The following fields are available to configure this component:

  • Model: The AI language model that powers the agent’s reasoning and response generation.
  • File Path: The path to the local JSON or YAML file containing the structured data you want to explore.
  • Handle Parse Errors: Controls how the component handles errors when reading the file structure.
  • Input: The input stream or data feed for the agent’s execution.
  • Max Iterations: The maximum number of steps the agent can take to process a request before stopping.
  • Verbose: Enables detailed logging of the agent’s actions and decisions for debugging purposes.

Outputs

This component produces the following outputs:

  • Agent: The fully configured agent executor ready to process interactions.
  • Response: The final message or answer generated by the agent based on your input.

Output Data Example (JSON)json

{ “content”: “Based on the file, the user data contains 3 active records with the specified criteria.”, “tool_calls”: [], “status”: “success”, “type”: “Message” }

Usage Example

Imagine you have a products.json file containing details about inventory items. You can use the JsonAgent to ask questions like, “What products are currently out of stock?” or “Show me the price of item ID 105.” By providing the File Path to products.json and connecting a Model, the agent will read the file, understand its structure, and return the specific information you requested in the Response output.

Important Notes

🔒 Use Trusted Spec Files Only 🟡 Loading YAML or JSON from untrusted sources can expose your system to malicious code execution. Only load spec files you trust.
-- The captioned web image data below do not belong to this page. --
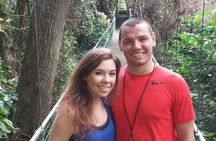 Roatan Shore Excursion: Hanging Bridges Eco Tour and Beach Break
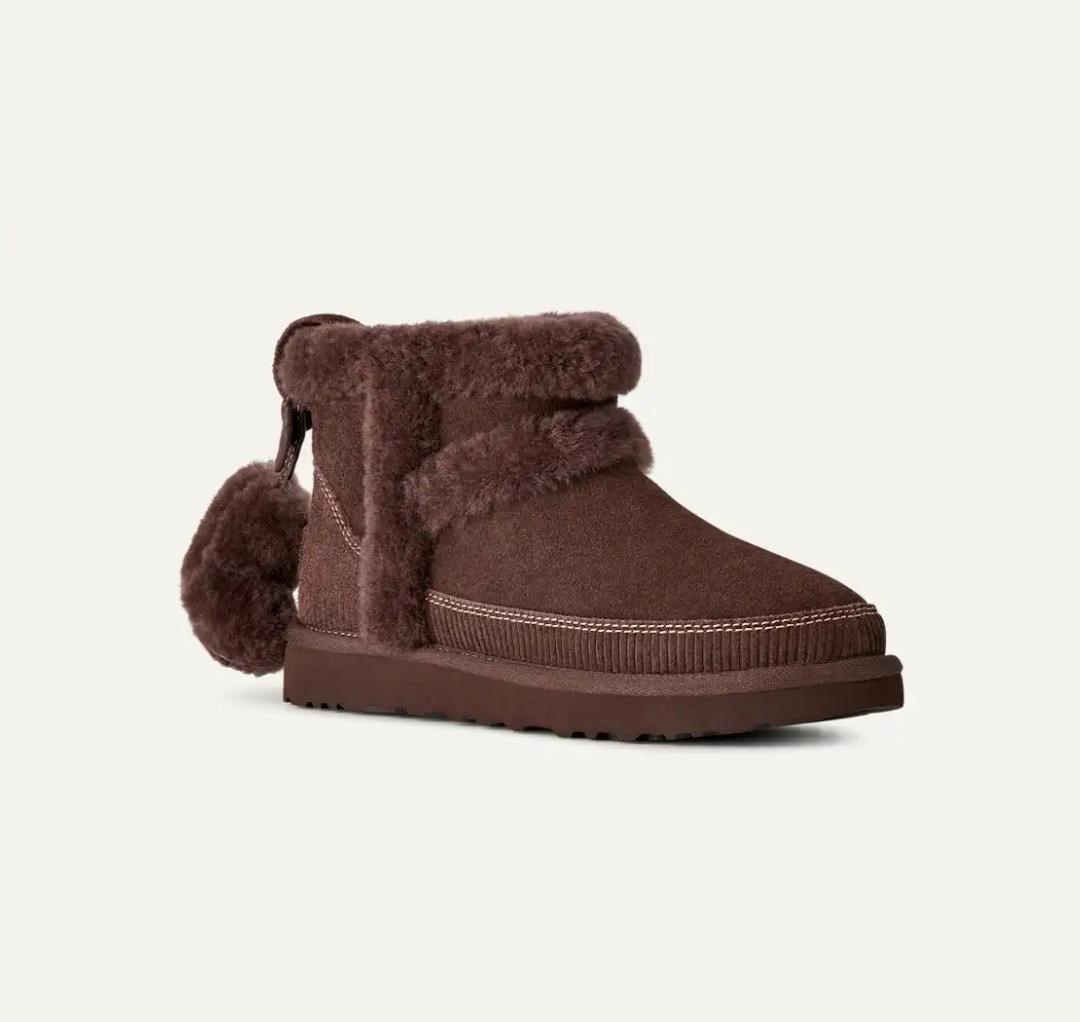 UGG Classic Mini Heritage Burnt Cedar Bot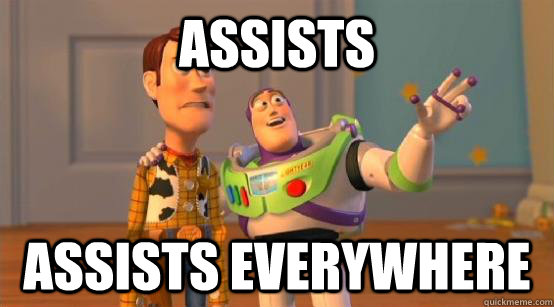 assists assists everywhere - Buzz Glitter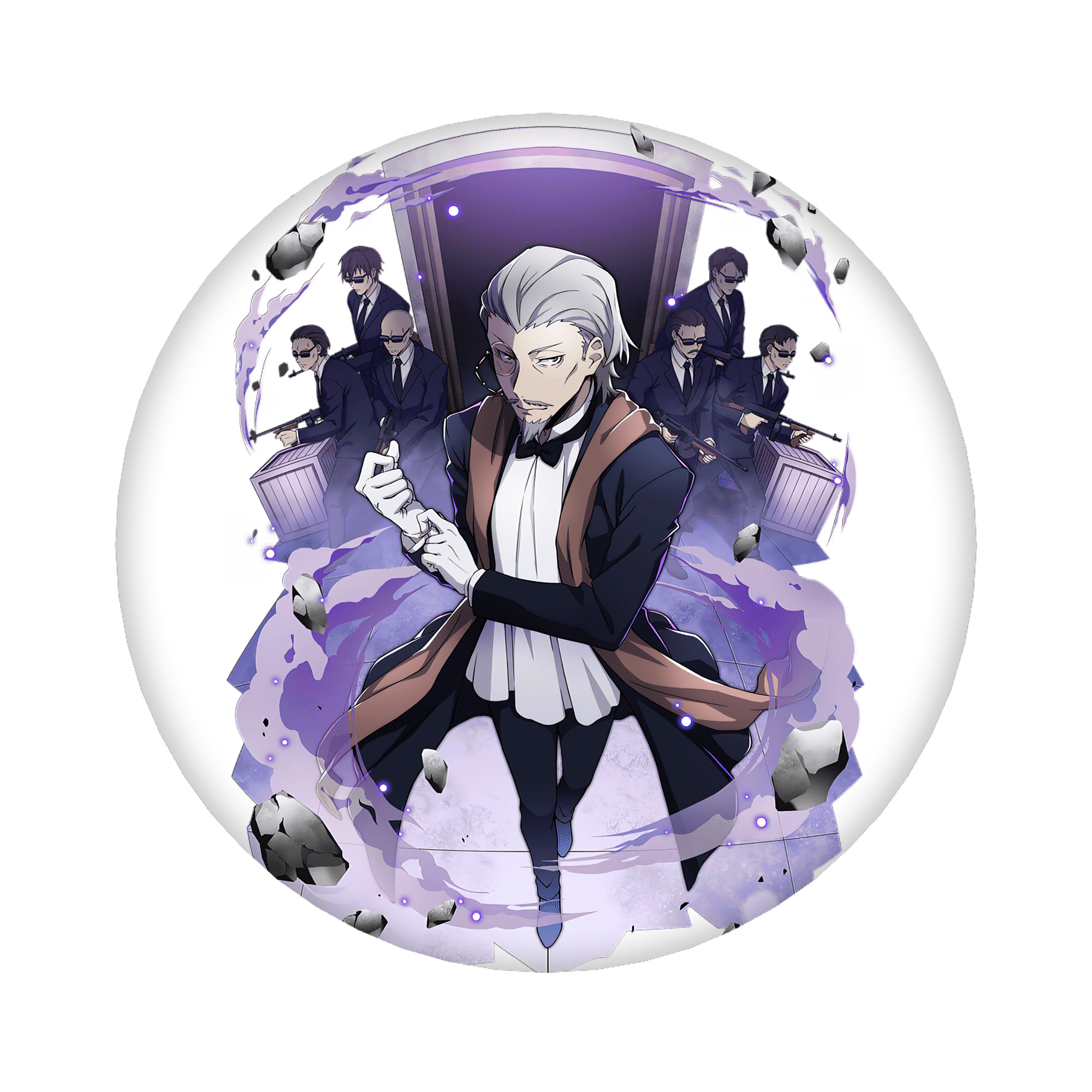 （画像用） 文豪ストレイドッグス Bungo Stray Dogs 6cm 缶バッジ 複数セット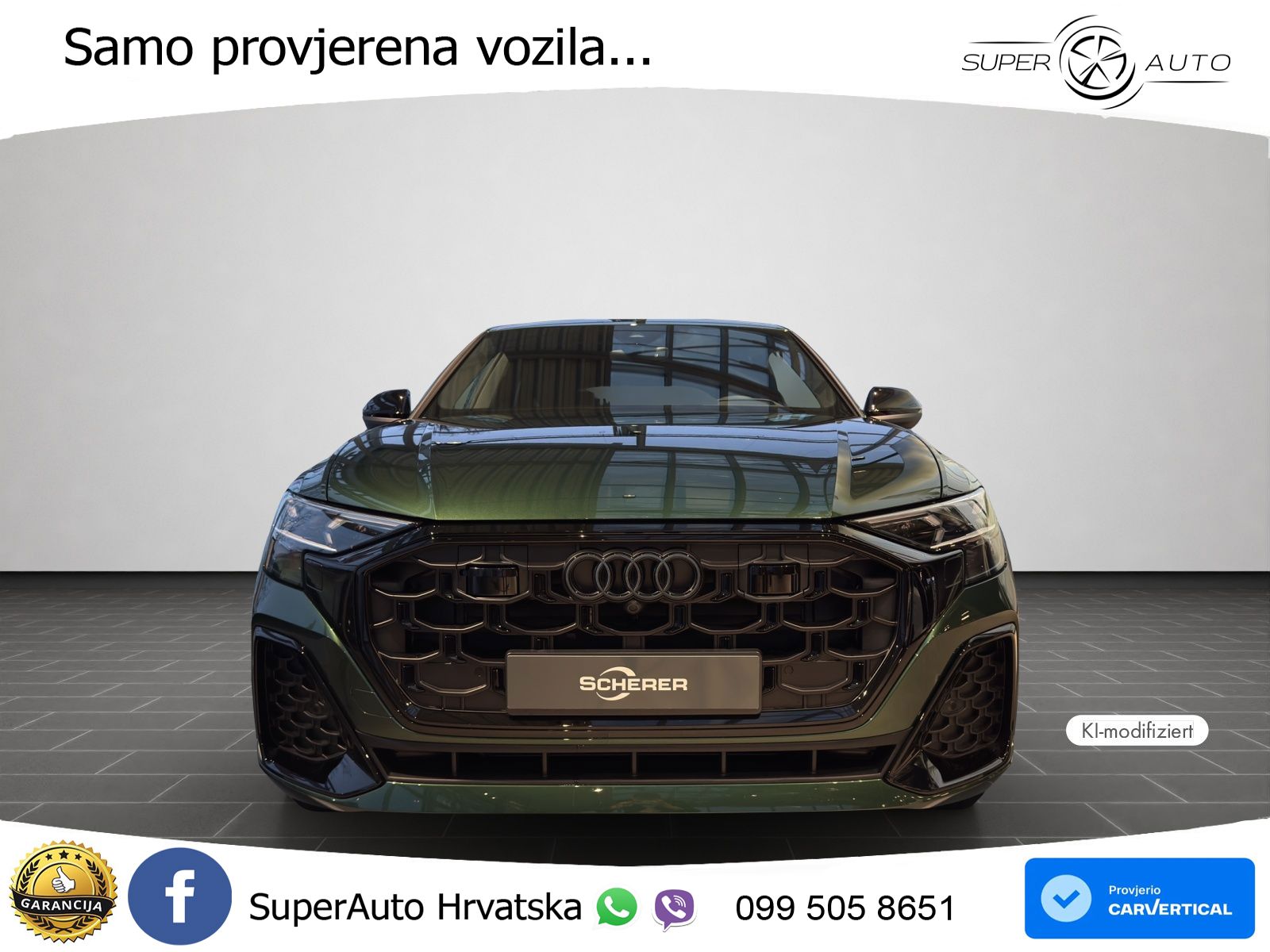 Audi Q8 50 TDI V6 (286 KS) quattro Tiptronic S line LED+GR SJED+ACC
⚠️ Supported File Formats Only 🟢 This component only processes files with .json, .yaml, or .yml extensions. Files with other extensions will be ignored and cause an error.

⚠️ File Path Must Be Valid 🟢 The component expects a valid local file path. If the file is missing or unreadable, the agent will fail to build.
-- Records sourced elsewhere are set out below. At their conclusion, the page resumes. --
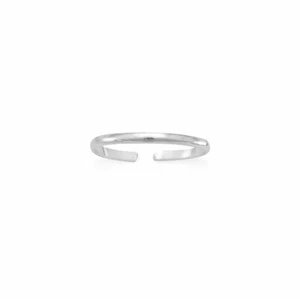 Sterling Silver Thin Band Toe Ring - Picture 1 of 1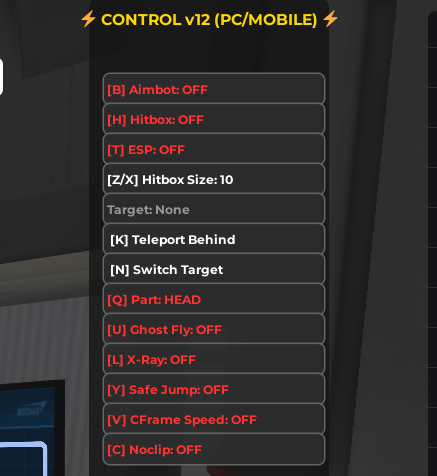 Rivals Control v12 Script - Aimbot Working
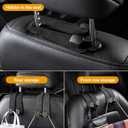 Car Purse Hook Purse Hook for Car Seats Headrest Car Seat Hooks,Heavy Duty Vehicle Organizer for Handbags, Groceries, Purses, Keep Car Tidy (Black, 2 Pack)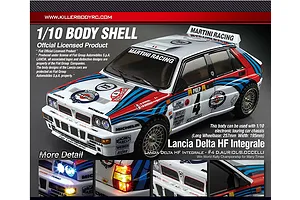 Killerbody 1/10 Lancia Delta HF Integrale Rally Painted Body Shell image 56263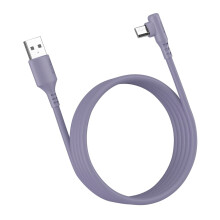 Cábla Micrea USB 5A Silicone Leachtach Muirearú Tapa
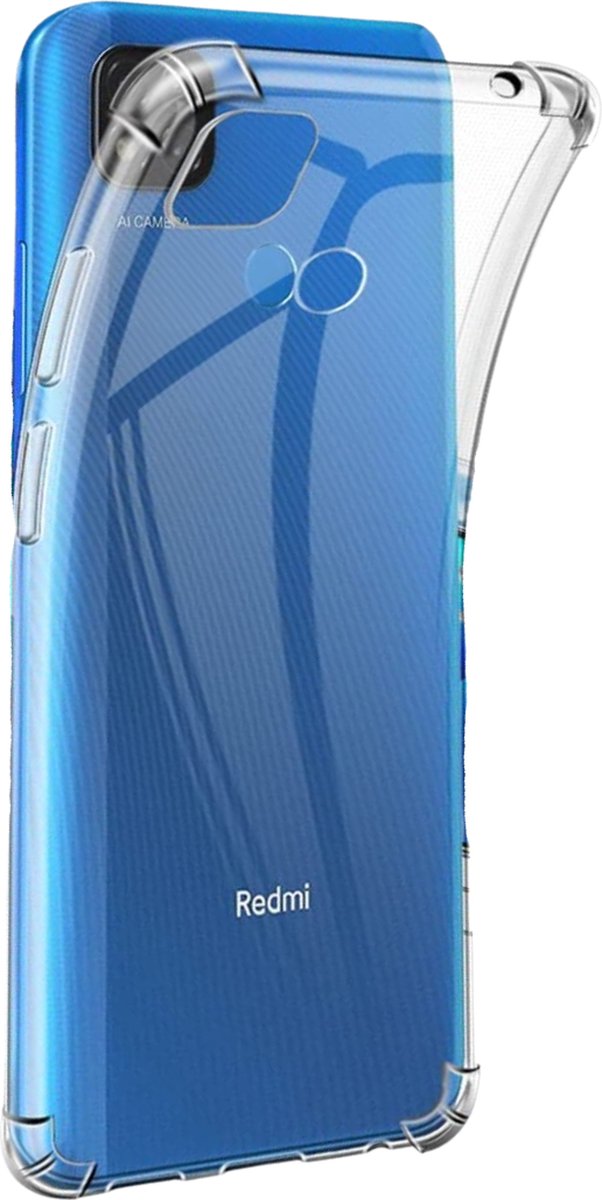 Hoesje voor Xiaomi Redmi 9C / Redmi 9C NFC backcover Shockproof siliconen Transparant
📋 LanguageModel Input Required 🟢 An LLM compatible with the LanguageModel interface must be supplied. Without it, the agent cannot function.

📋 Python Dependencies 🟢 The component relies on langchain, langchain_community, and PyYAML. Ensure these packages are installed in your environment.

💡 Use YAML for Readability 🟢 When creating your spec, YAML offers clearer formatting and easier editing. JSON is also supported for compactness.

💡 Validate Spec Before Running 🟢 Test your JSON/YAML spec file with a simple loader to confirm it’s well‑formed. This prevents runtime errors in the agent.

⚙️ Only Local File Paths Accepted 🟡 The component does not support remote URLs or network paths. Provide an absolute or relative path to a local file.

⚙️ Keep Spec File Size Reasonable 🟢 Large spec files can slow down agent initialization. Aim to keep the file under a few megabytes for optimal performance.

ℹ️ Automatic Logging via Callbacks 🟢 The agent automatically logs its actions and outputs through callbacks. You can monitor these logs to trace the agent’s decisions.

Tips and Best Practices

  • Use descriptive file names and clear structures in your JSON/YAML files to help the agent provide more accurate answers.
  • If you are working with large datasets, consider splitting your data into smaller files to improve performance.
  • Always verify the integrity of your data files before connecting them to the agent to avoid unexpected errors.
  • Monitor the logs generated by the agent to understand how it interprets your requests and resolves data queries.

Security Considerations

To ensure the security of your automation system, always verify the source and integrity of the JSON or YAML files you provide to this component. Never load files from untrusted or external sources, as parsing malformed or malicious data can pose security risks. Use local file paths and validate your data files regularly to maintain a safe working environment.